Complaint says thousands going hungry
ANCHORAGE, Alaska (KTUU) - After months of turmoil amid a backlog of food stamp applications, the Alaska Department of Health Division of Public Assistance now has another issue on its hands.
On Friday, 10 Alaskans filed a class-action lawsuit in the Alaska Superior Court against Health Commissioner Heidi Hedberg, claiming she has “subjected thousands of Alaskans to ongoing hunger,” according to a recent complaint.
The plaintiffs, represented by the Northern Justice Project, National Center for Law and Economic Justice, and DLA Piper LLP, argue the state’s breakdowns in its handling of the Supplemental Nutrition Assistance Program, or SNAP, violate federal law, the United States Constitution, and the Alaska Constitution.

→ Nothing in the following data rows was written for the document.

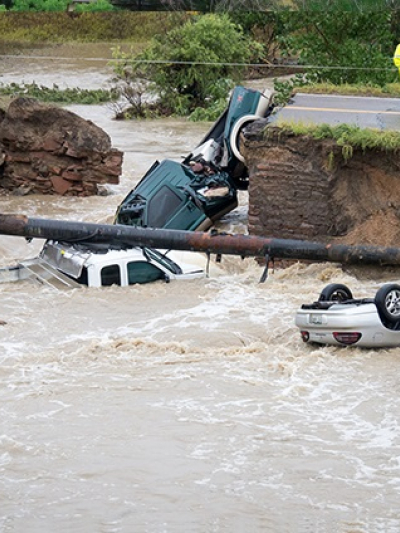 The September 2013 extreme rains in Northeast Colorado are one of 16 major weather and climate events from 2013 studied in this report. 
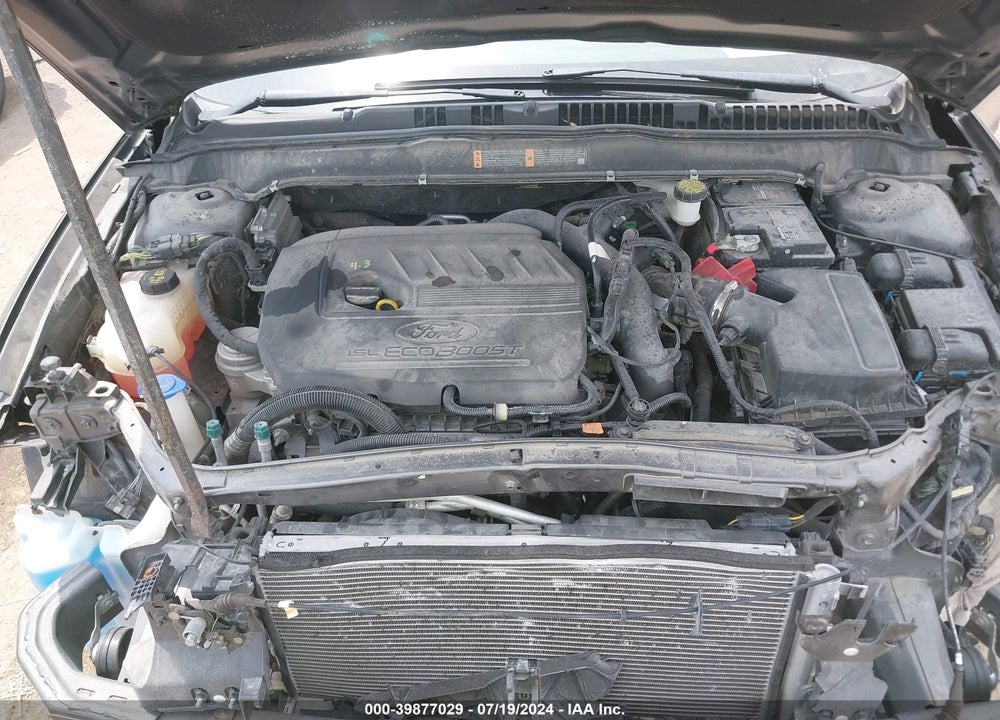 2017 FORD FUSION SE VIN: 3FA6P0HD8HR312310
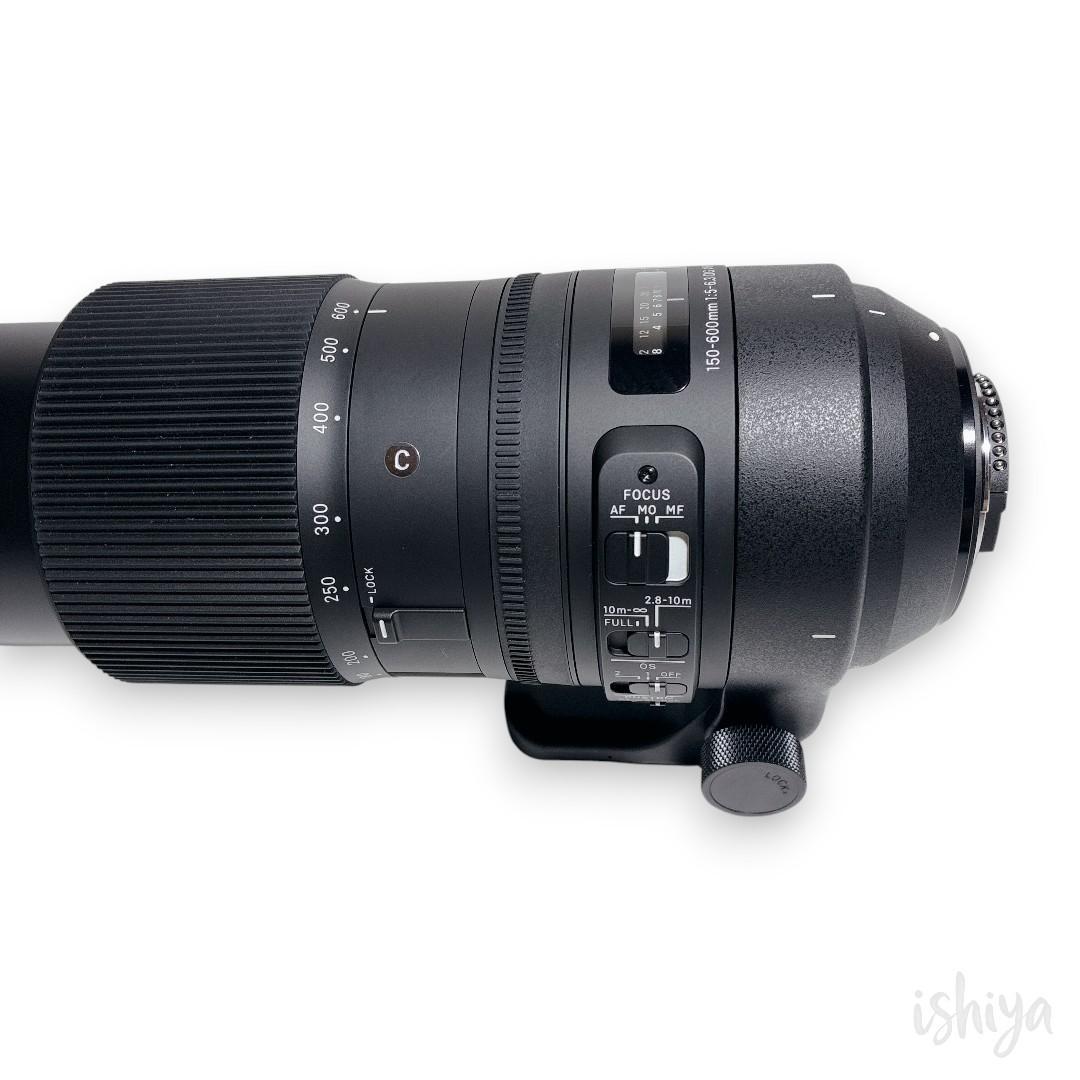 【生産完了品】SIGMA カメラレンズ 150-600mm 1:5-6.3 DG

“The goal here is to get people food and to get people fed. It is a critical need,” said Saima Akhtar, NCLEJ senior attorney. “Every single person needs to eat every single day. And that’s what we’re aiming for. That is the goal.”

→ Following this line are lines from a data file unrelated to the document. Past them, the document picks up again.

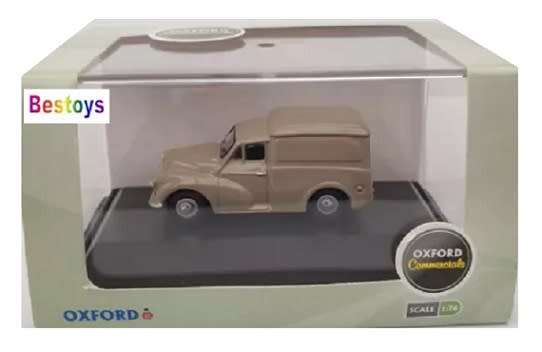Oxford Diecast Model Car MM057 Morris 1000 Van 1/76 OO railway scale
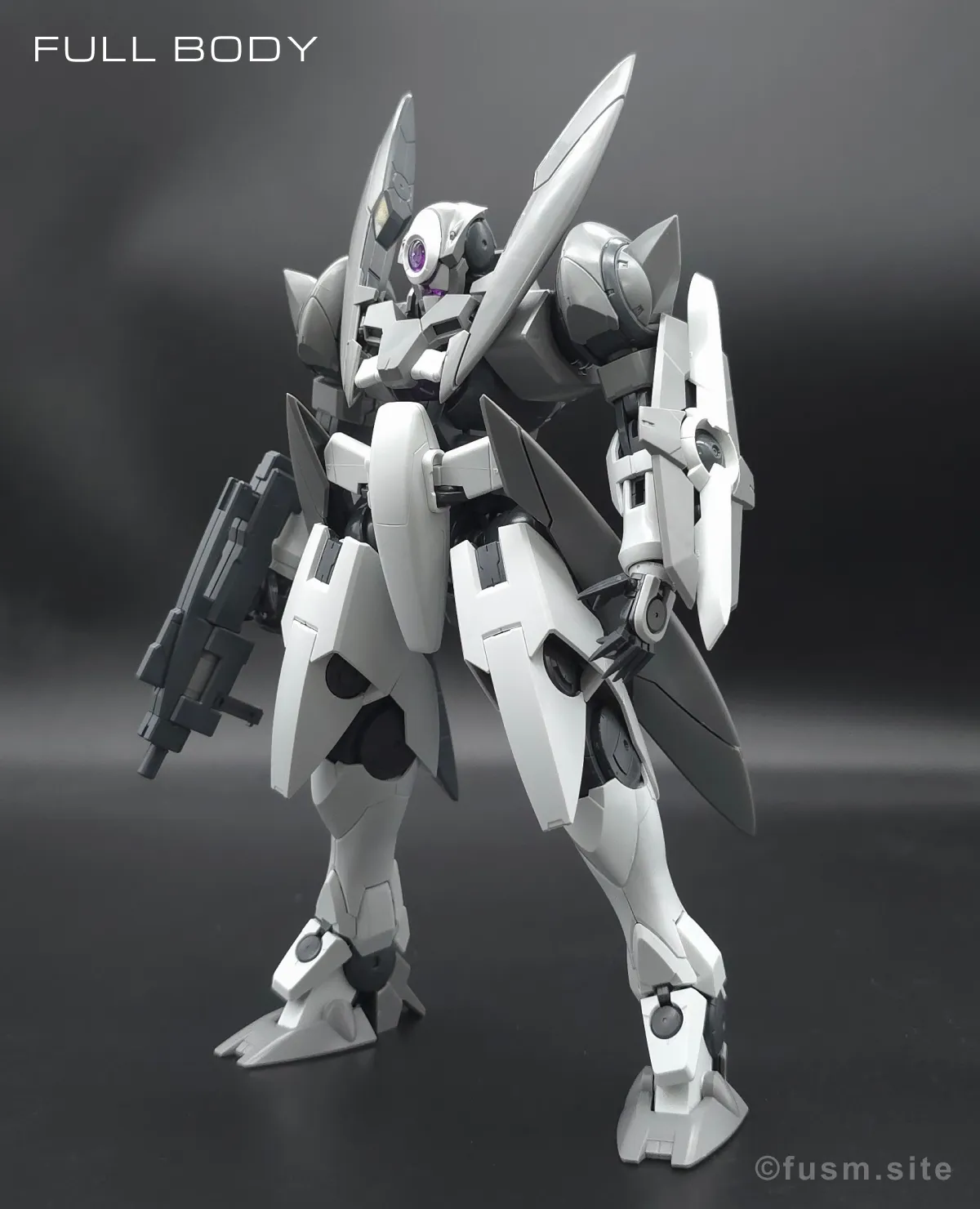 MG GN-X(ジンクス) レビュー 多角的に見た全体の外観・素組み 02
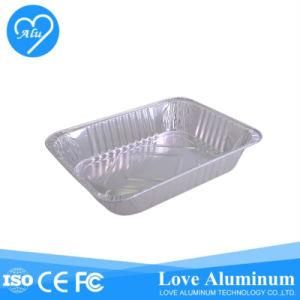 Disposable Household 2lb Loaf Aluminum Foil Pan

The 10 plaintiffs are grouped into three different classes. In addition to representing themselves, the plaintiffs represent “similarly situated low-income Alaskans seeking preliminary and permanent injunctive relief and declaratory relief.”

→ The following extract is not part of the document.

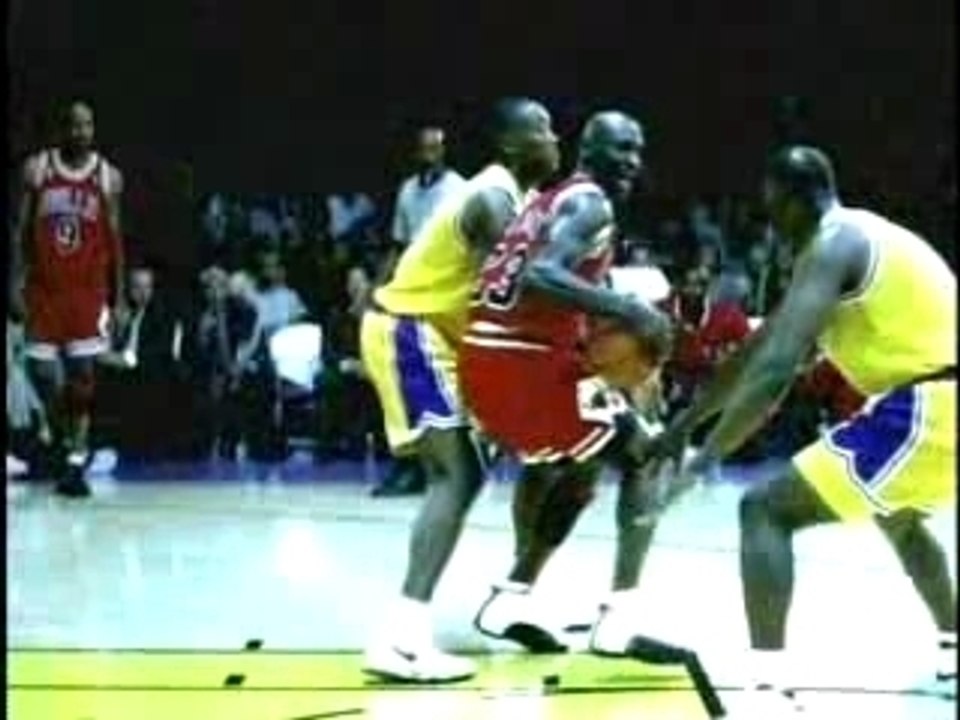 Michael Jordan "Frozen Moment" Nike Commercial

There are nine plaintiffs listed in the Untimely Eligibility Class, which includes all Alaskans who applied for SNAP benefits for the first time or applied for recertification and did not receive eligibility determinations quickly enough in the last two years. Federal law requires applicants to receive their food stamps within 30 days.
“Under the federal provisions of the SNAP program, from the time you put in a new application to the time you actually get your benefits and you can walk into a store and use them, for it to meet the federal processing requirements would be a 30-day period,” Akhtar said.
There is just one plaintiff listed in the Right-To-File Class. This includes anyone who was prevented from filing an application the first time they contacted the agency in the last two years.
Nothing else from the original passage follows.